In his Confessions, he recounts that he was not religious in any sense when he was put in servitude, but over the years, in his distress and despair as a slave, he turned to God.  For nearly seven years he suffered in hunger, humiliation, and hopelessness, until God spoke to him in a vision, telling him to rise up, and head towards the coast where a ship would be waiting to take him back to Scotland.  He did so, and as he had heard in the vision, the ship took him to his native land.

None of this would make him a remarkable individual, except for that fact that after he returned to his homeland, God again spoke to him, and told him to return to Ireland as a preacher.  Patrick studied for over a decade for his mission.  He left the security of his family’s estate to return to the country where he has been so mistreated.  Since he had spent years as a slave there, he knew the local dialects, and gained audience with clan leaders wherever he could.

Patrick remained for nearly 40 years in that country.  While there, he was constantly persecuted, survived numerous attempts on his life, took no money or gifts from anyone, and selflessly preached the Gospel of Jesus Christ.   When he died, Ireland had some 300 churches that Patrick had planted, and over 100,000 converts to Christianity.

The shamrock is probably the only token today associated with the holiday that has some bearing on the true story of St.

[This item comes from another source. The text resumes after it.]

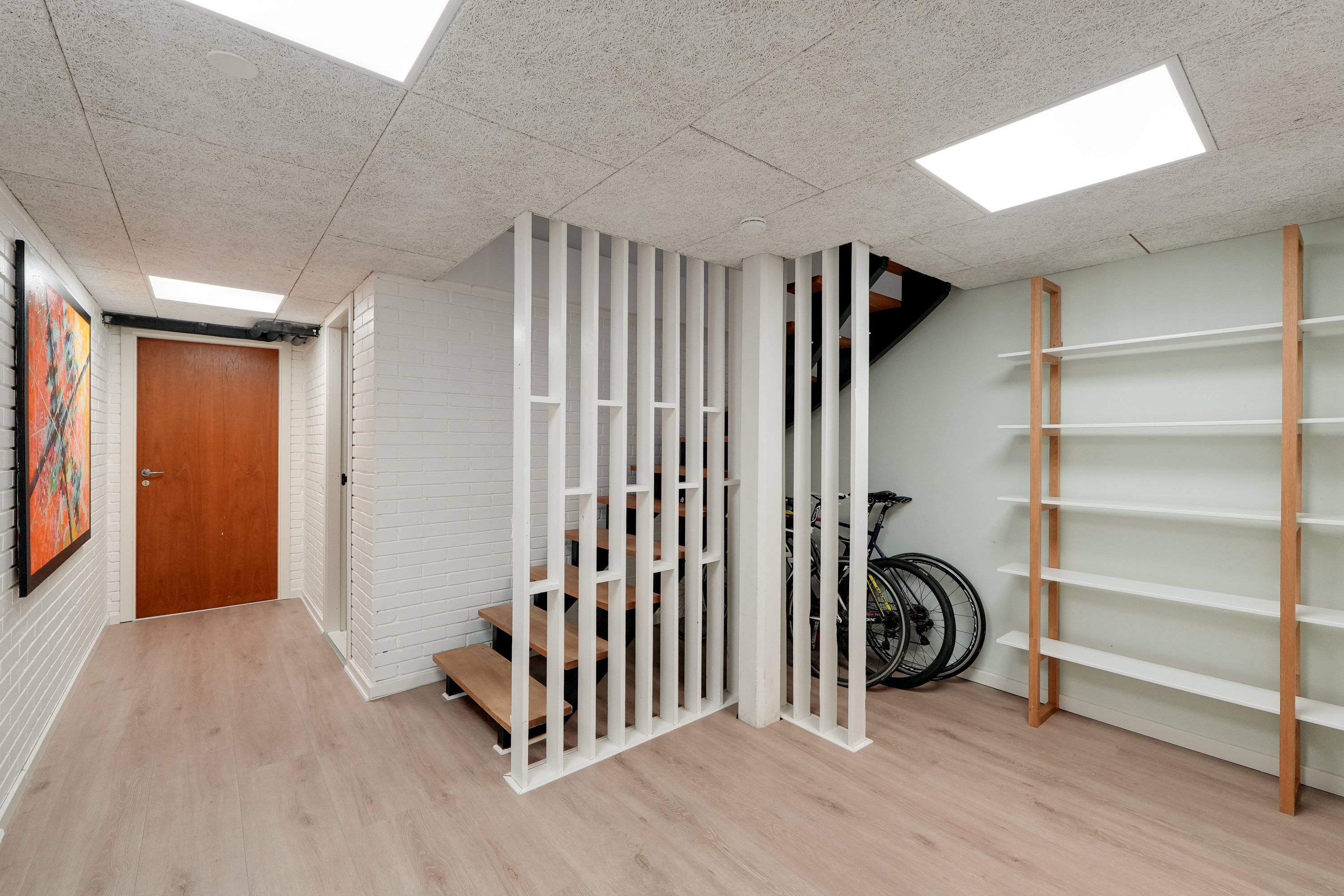 Fremhævet andet billede i fuldskærmstilstand. Billede af Sjælsøvej 49, 3460 Birkerød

Patrick.  While with the druids and pagans of Ireland, he used the symbol of the shamrock to explain the concept of the Trinity.  

Writing in his Confessions, Patrick sums up his own amazement, at how from God turned the horrible circumstances of his youth into an opportunity to win the lost:

“And I was not worthy, nor was I such that the Lord should grant his humble servant this, that after hardships and such great trials, after captivity, after many years, he should give me so much favour in these people, a thing which in the time of my youth I neither hoped for nor imagined.”

Patrick stands as testament, not to “Celtic spirit” or Irish nationalism, but simply as a reminder as to how God can use the most desperate of circumstances, and darkest of times to ultimately do great things.